Direct Conversion of Fibroblasts into Neural Progenitor-like Cells

Many stem cells grow into three-dimensional (3D) spheres or colonies, such as neural progenitor cells (NPCs) and embryonic stem cells (ESCs). Sphere morphology helps maintaining the stemness of stem cells. The previous study demonstrated that forced growth of RT4 and HEK293 cells into 3D sphere on low attachment surface could induce stem cell properties. The close relationship between 3D sphere morphology and stem cell stemness drives us to hypothesize that 3D sphere formation induces fibroblasts reprogramming. The key gene Sox2 for reprogramming fibroblasts into NPCs was found to be overexpressed in 3D sphere cultured mouse fibroblasts. These cells exhibited similar morphological and molecular features to NPCs in vitro, were capable of differentiating into neurons, astrocytes and oligodendrocytes, and could generate long-term expandable neurospheres while maintaining differentiation capability. When engrafted into hippocampus of adult rat brain, the 3D sphere cells differentiated into neural cells. Thus, NPCs can be generated from fibroblasts directly through a physical approach without introducing exogenous reprogramming factors. The result was achieved jointly by Su Guannan, Zhao Yannan, Wei Jianshu, et. el. from the State Key Laboratory of Molecular Developmental Biology, Institute of Genetics and Developmental Biology, CAS, CAS Graduate School, Department of Neurosurgery of Peking Union Medical College Hospital, Chinese Academy of Medical Sciences and Peking Union Medical College, Department of Pathology, St. Joseph's Hospital, USA, which was published on magazine Biomaterials (Volume 34, Issue 24, August 2013, Pages 5897–5906).

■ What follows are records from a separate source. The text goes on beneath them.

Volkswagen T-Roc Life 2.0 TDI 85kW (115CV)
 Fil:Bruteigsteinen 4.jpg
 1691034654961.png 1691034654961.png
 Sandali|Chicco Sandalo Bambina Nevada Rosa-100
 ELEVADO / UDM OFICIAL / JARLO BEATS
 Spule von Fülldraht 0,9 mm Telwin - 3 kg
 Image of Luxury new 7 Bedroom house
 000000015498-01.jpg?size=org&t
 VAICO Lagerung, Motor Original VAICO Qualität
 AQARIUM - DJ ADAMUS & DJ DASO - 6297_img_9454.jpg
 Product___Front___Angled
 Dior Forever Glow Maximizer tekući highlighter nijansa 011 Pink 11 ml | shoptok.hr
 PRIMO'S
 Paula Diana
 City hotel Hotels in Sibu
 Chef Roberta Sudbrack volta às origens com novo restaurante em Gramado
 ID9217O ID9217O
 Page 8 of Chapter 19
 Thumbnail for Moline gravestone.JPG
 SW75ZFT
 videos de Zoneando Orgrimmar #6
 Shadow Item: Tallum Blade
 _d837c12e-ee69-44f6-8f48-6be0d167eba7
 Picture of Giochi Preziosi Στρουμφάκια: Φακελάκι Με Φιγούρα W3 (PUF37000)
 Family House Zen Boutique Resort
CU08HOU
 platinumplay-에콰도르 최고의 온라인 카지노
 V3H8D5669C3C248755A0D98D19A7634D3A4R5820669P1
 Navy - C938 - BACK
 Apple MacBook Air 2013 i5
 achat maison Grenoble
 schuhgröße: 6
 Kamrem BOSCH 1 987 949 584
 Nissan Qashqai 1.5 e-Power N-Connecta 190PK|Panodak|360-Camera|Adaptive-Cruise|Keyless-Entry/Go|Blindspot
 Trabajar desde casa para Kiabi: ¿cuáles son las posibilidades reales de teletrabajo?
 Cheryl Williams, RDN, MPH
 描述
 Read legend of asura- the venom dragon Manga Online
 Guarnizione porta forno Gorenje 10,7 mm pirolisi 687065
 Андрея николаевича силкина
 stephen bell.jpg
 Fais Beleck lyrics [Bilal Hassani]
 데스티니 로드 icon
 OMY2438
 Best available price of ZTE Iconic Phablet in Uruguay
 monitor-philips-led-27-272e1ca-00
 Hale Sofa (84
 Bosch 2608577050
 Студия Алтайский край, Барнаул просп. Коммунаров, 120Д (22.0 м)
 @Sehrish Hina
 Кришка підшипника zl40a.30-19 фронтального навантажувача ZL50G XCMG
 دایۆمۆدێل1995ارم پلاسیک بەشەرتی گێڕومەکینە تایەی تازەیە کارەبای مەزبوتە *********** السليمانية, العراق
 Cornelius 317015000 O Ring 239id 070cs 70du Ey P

Breakthrough in Epigenetic Inheritance

One long standing question in biological field is whether epigenetic information can be inherited by the offspring. Zebrafish is well known as a model for the vertebrate development. 85% of Zebrafish genome is similar to human genome. Dr. Liu Jiang with his colleagues from the Beijing Institute of Genomics, CAS, gained breakthrough discovery in epigenetic inheritance. The team generated nine single-base resolution DNA methylomes, including zebrafish gametes and early embryos. The oocyte methylome is significantly hypomethylated compared to sperm. Strikingly, zebrafish early embryos selectively inherit sperm methylomes by midblastula stage, while discarding oocyte methylome. Then, new DNA methylome reprogramming occurs after midblastula stage. But the reprogramming is based on the sperm methylation pattern, which is limited to specific regions. As a result, embryos can differentiate to different somatic cells, tissues, and organ. Moreover, inheritance of the sperm methylome facilitates the epigenetic regulation of embryogenesis. To evaluate the significance of paternal epigenetic inheritance, the team find that enucleated oocytes can only initiate development following transfer of a sperm nucleus, but not an oocyte nucleus, implying a fundamental epigenetic asymmetry that is consistent with the sperm methylome being in a competent state. Therefore, besides DNA sequences, sperm DNA methylome is also inherited in zebrafish early embryos. The finding will help unravel how one fertilized egg can be developing to an adult animal. This innovative work will give us a new theoretical foundation for the development of stem cell and translational medicine. Cell published the discovery as the story on May 9.